**HOW TO COMPLETE THIS TASK**
From the records below, output exactly the lines starting at the line with "Повседневная мужская рубашка" and ending at the line with "Double-breasted Long-sleeved Lapel", both of them included, but no pictures.

**ENTRIES SUPPLIED**
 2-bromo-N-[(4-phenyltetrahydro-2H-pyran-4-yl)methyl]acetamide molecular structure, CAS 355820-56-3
...
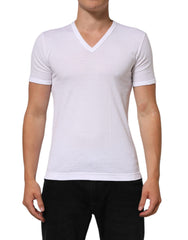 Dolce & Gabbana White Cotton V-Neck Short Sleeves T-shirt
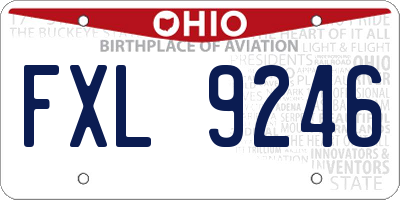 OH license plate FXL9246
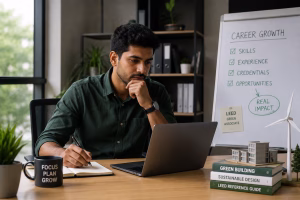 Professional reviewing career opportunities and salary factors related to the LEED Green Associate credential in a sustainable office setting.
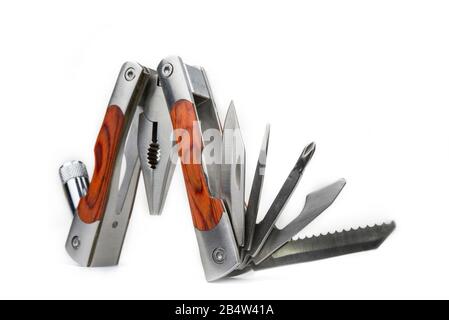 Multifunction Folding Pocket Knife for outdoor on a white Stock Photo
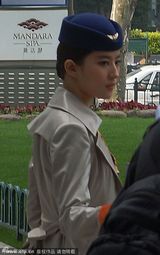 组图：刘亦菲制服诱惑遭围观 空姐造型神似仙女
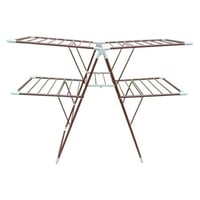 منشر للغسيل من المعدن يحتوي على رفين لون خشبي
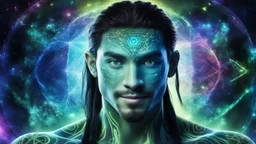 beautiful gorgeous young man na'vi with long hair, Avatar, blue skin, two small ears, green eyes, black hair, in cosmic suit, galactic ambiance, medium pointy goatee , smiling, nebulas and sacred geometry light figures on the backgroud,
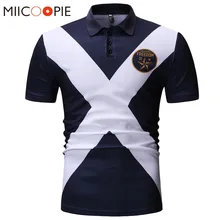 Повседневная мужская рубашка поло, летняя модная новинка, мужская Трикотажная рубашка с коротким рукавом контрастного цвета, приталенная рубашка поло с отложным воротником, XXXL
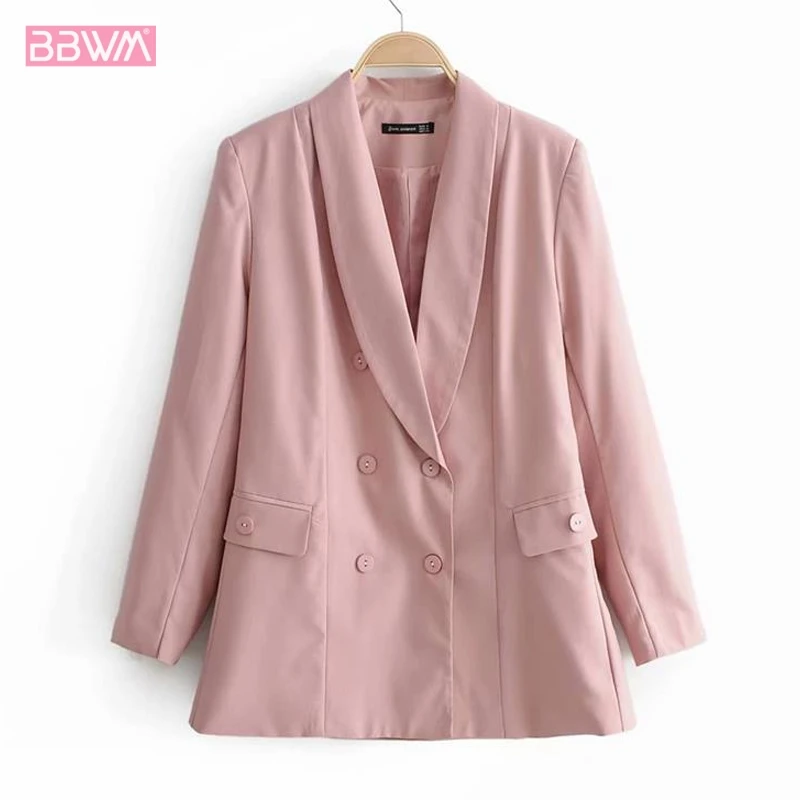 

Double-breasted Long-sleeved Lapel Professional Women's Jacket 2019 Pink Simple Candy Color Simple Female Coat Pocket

**YOUR SOLUTION**
 Повседневная мужская рубашка поло, летняя модная новинка, мужская Трикотажная рубашка с коротким рукавом контрастного цвета, приталенная рубашка поло с отложным воротником, XXXL

Double-breasted Long-sleeved Lapel Professional Women's Jacket 2019 Pink Simple Candy Color Simple Female Coat Pocket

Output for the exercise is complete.